Appointments
Data format
Input
For one sentence processor:
The input one sentence named “sentence”, label named “labels”
The output named:
"input_ids",
"label_ids",
"word_ids",
"attention_mask",
"special_tokens_mask",
"type_ids",
"sequence_ids",
"char_ids",
The input two sentence named “sentence_a”, “sentence_b”, label named “labels”
The output named:
"input_ids",
"label_ids",
"word_ids",
"attention_mask",
"special_tokens_mask",
"type_ids",
"sequence_ids",
"char_ids",
MASK
We set mask==1 for used data, mask==0 for useless data
Batch First
All data set batch_first=True
Task naming appointments
DLK处理的所有问题我们都看做一个任务,而一个任务又会划分为多个子任务, 子任务又可以有自己的子任务,下面是一个任务的定义方式:
{
"_name": "task_name", //or "_base", "base_task_name"

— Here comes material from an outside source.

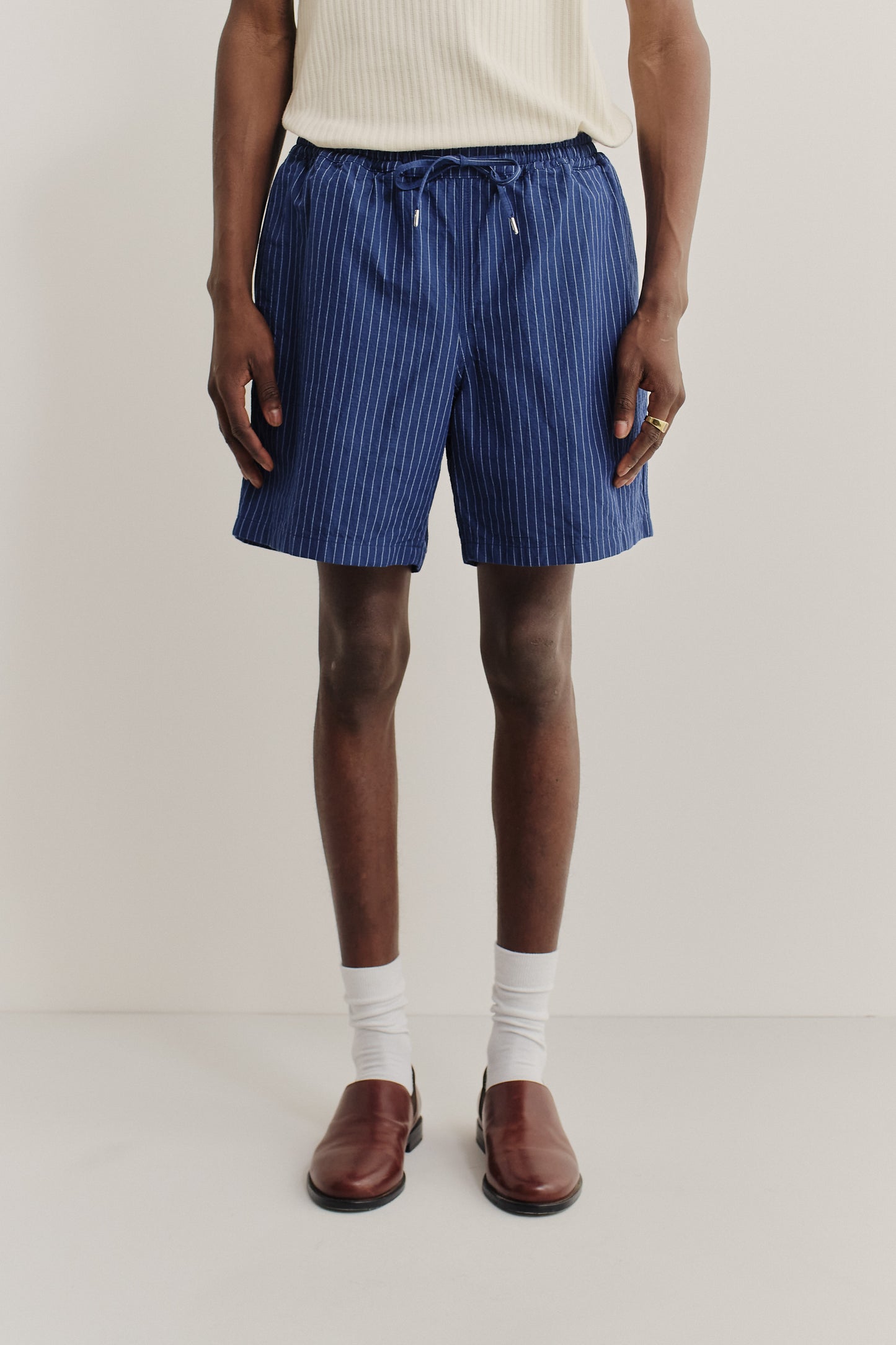 Men's shorts, cotton-linen seersucker, navy with white pinstripes, adjustable waistband.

"_link": {}, // this is reserved keywords
"_search: {}, // this is reserved keywords"
"sub_task1":{
},
"sub_task2":{
}
}
由于所有的任务他们本身又可以被视为其他任务的子任务,所以我们就来看一下关于一个子任务的一些约定
这是一个子任务的配置格式
{
"sub_task_name": {
"_name": "sub_task_config_name",
...config
}
}
or
{
"sub_task_name": {
"_base": "base_sub_task_config_name",
...additional config
}
}
配置的key表示这个子任务
sub_task_name
的命名一般会表示该子任务在这个task中所扮演的角色,而每个子任务一般都是由dlk的一个专门的模块进行处理,比如processor
任务中的subprocessor
子任务均由dlk.data.subprocessors
这个模块集合(这个里面会有多个subprocessor)进行处理,为了能区分不同的subprocessor
我们在对sub_task_name
进行命名时会采用subprocessor@subprocessor_name_a
来表明我们使用的是subprocessors
这个模块集合中的具有subprocessor_name_a
这个功能的subprocessor
来处理.
对于配置文件中的 _base
或 _name
模块的命名则会省略掉key中已经包含的sub_task_name
采用 AA@BB#CC
的方式对一个子任务的configure进行命名
其中 AA
表示处理sub_task_name
所在表示的模块集合中的具体模块名,比如最常见的basic
表示使用basic
模块处理这个子任务,处理方法在对应模块集合中的名为basic
中定义的逻辑处理
BB
表明这个config处理的是什么问题比如(seq_lab
/txt_cls
/ets.), CC
则表明处理这个问题的配置文件的核心特征
Model appointments
All dropout put on output or intern of the module, no dropout for the module input
The main file tree:
.
├── train.py-------------------------: train entry
├── predict.py-----------------------: predict entry
├── process.py-----------------------: process entry
├── online.py------------------------: online entry
├── managers-------------------------: pytorch_lightning or other trainer
│ └── lightning.py-----------------:
├── configures-----------------------: all default or specifical config
│ ├── core-------------------------:
│ │ ├── callbacks----------------:
│ │ ├── imodels------------------:
│ │ ├── layers-------------------:
│ │ │ ├── decoders-------------:
│ │ │ ├── embeddings-----------:
│ │ │ └── encoders-------------:
│ │ ├── losses-------------------:
│ │ ├── models-------------------:
│ │ ├── modules------------------:
│ │ └── optimizers---------------:
│ ├── data-------------------------:
│ │ ├── datamodules--------------:
│ │ ├── processors---------------:
│ │ └── subprocessors------------:
│ ├── managers---------------------:
│ └── tasks------------------------:
├── core-----------------------------: *core* pytorch or other model code
│ ├── base_module.py---------------: base module for "layers"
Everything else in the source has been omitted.